Yankees on the verge of acquiring Vernon Wells from Angels
TAMPA, Fla. — The Yankees may not have not seen much of Vernon Wells over the last few seasons, but as they eye an Opening Day lineup that suddenly seems lacking in star power, they’re ready to give him much more of a look.
The Yankees and Angels are closing in on a deal that will fit the 34-year-old outfielder for pinstripes, sources have confirmed to MLB.com, and the trade could be completed as soon as Sunday evening.
The transaction will involve the Angels taking on a large majority of the $42 million Wells is owed through the 2014 season, which is a matter still under discussion between the clubs. The Yankees are expected to only surrender a low-level Minor League player in exchange.

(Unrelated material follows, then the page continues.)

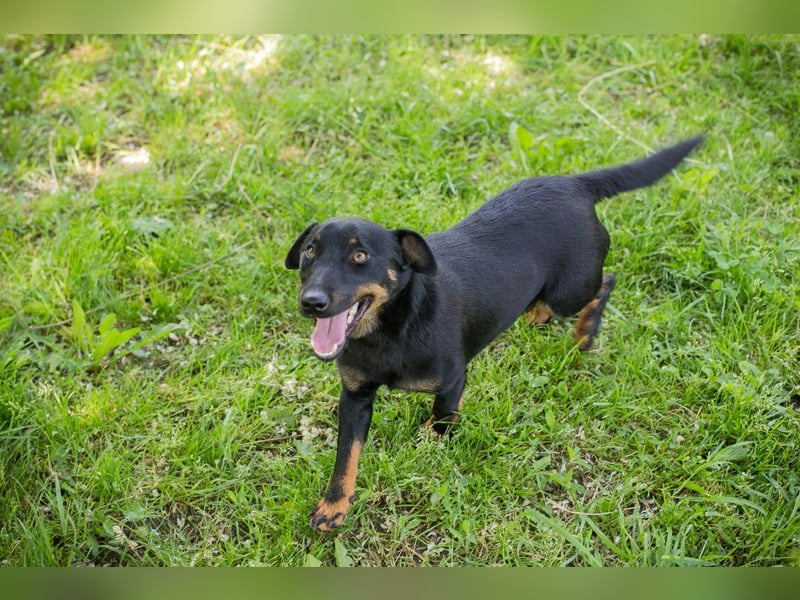 Chip 231610: Sucht ein Zuhause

“I’m not at liberty to have any conversations publicly about it yet, but I know what you’re asking,” Yankees general manager Brian Cashman said. “There’s a lot of I’s to dot and T’s to cross to get to a finish line when you’re doing something.”
Angels general manager Jerry Dipoto confirmed that the two sides are talking, but declined to go into detail.
Wells has a full no-trade clause, but was coming into the season as the Angels’ fifth outfielder behind Mike Trout, Peter Bourjos, Josh Hamilton and designated hitter Mark Trumbo.
He grinned and said, “Possibly,” when reporters in Tempe, Ariz. asked him if he had approved a trade.
“It’d be a huge change,” Wells said of joining the Yankees. “I don’t think it’s ever easy saying goodbye, but at the same time, if this were to happen, it’s a good group of guys over there. I’ll just get to know a new family.”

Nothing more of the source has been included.